Every line of the listing below is to be duplicated exactly, with the pictures left out.

====== Data extracts

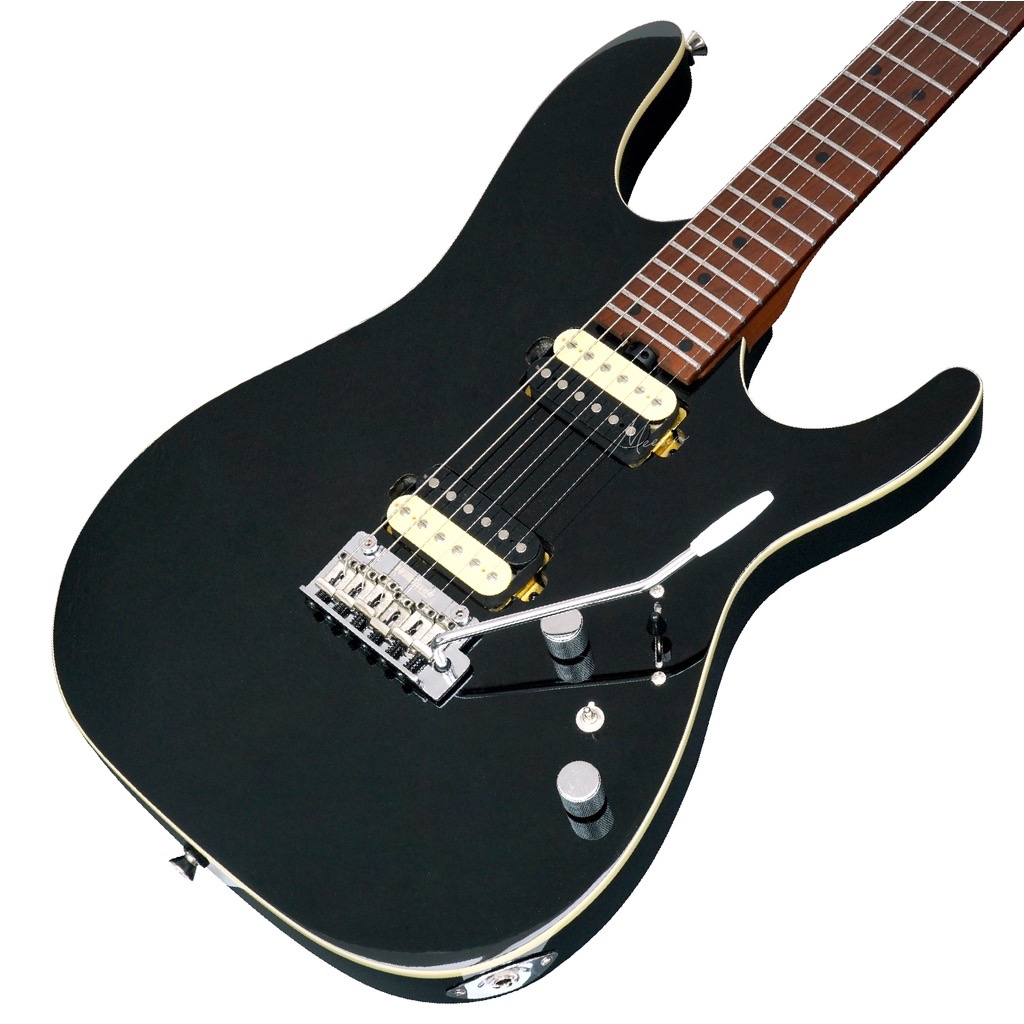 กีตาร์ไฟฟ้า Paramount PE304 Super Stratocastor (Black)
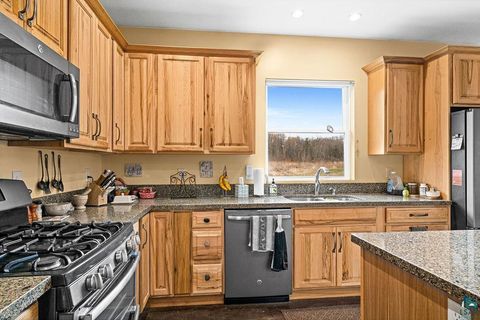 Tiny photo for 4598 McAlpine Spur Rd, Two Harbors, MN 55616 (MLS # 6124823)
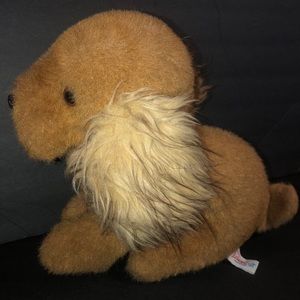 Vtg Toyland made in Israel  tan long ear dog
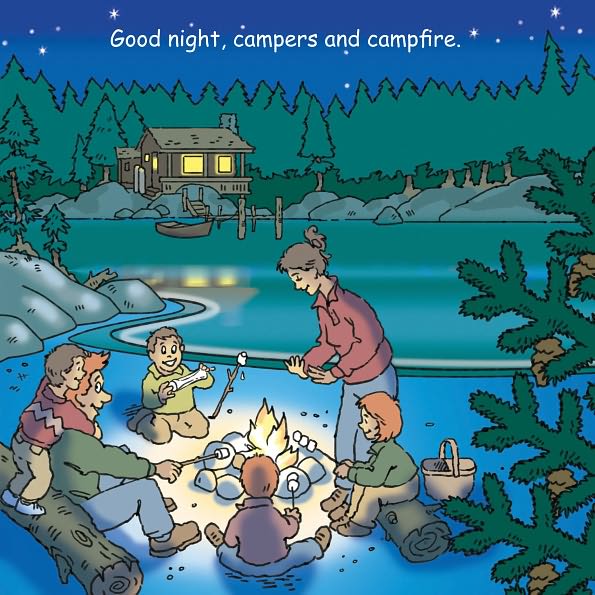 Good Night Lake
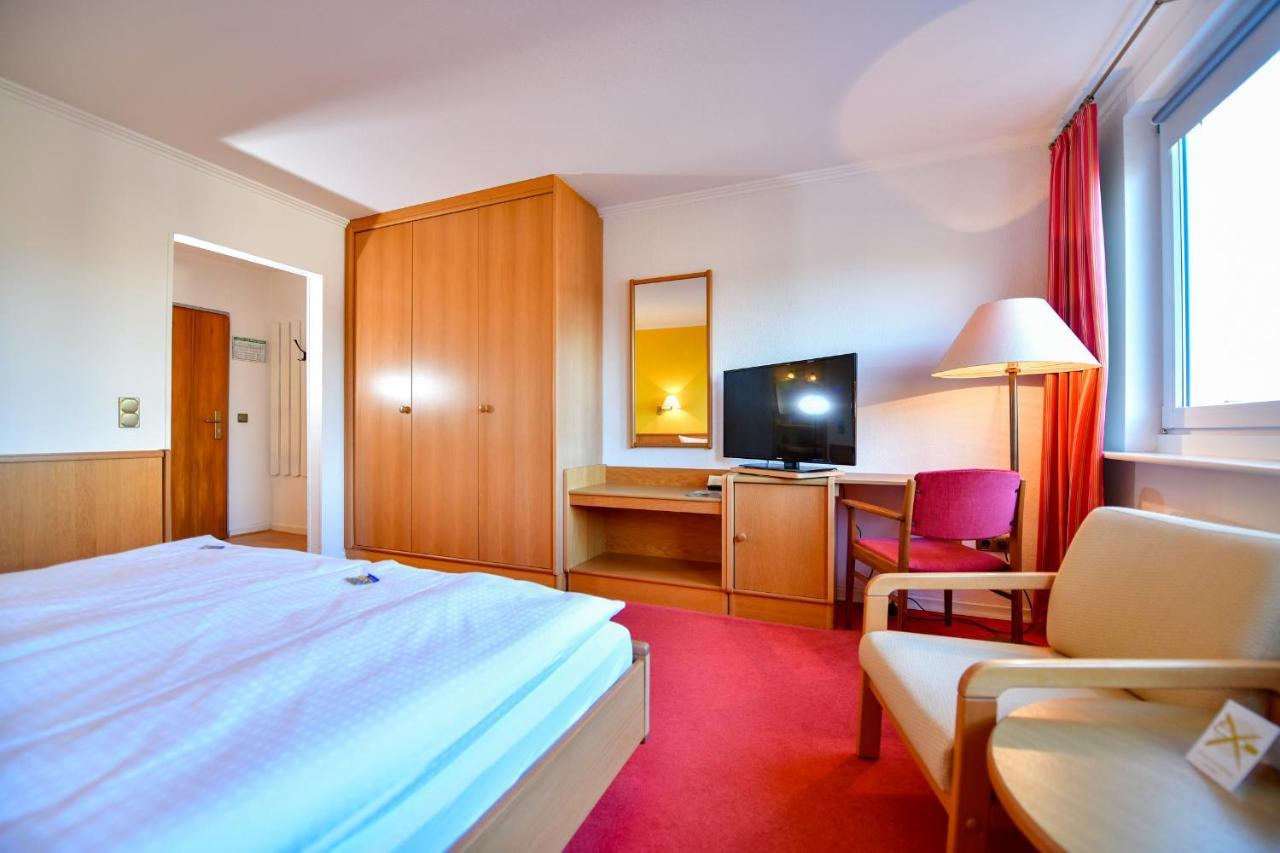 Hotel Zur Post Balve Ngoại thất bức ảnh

============

Result of the task:
 กีตาร์ไฟฟ้า Paramount PE304 Super Stratocastor (Black)
 Tiny photo for 4598 McAlpine Spur Rd, Two Harbors, MN 55616 (MLS # 6124823)
 Vtg Toyland made in Israel  tan long ear dog
 Good Night Lake
 Hotel Zur Post Balve Ngoại thất bức ảnh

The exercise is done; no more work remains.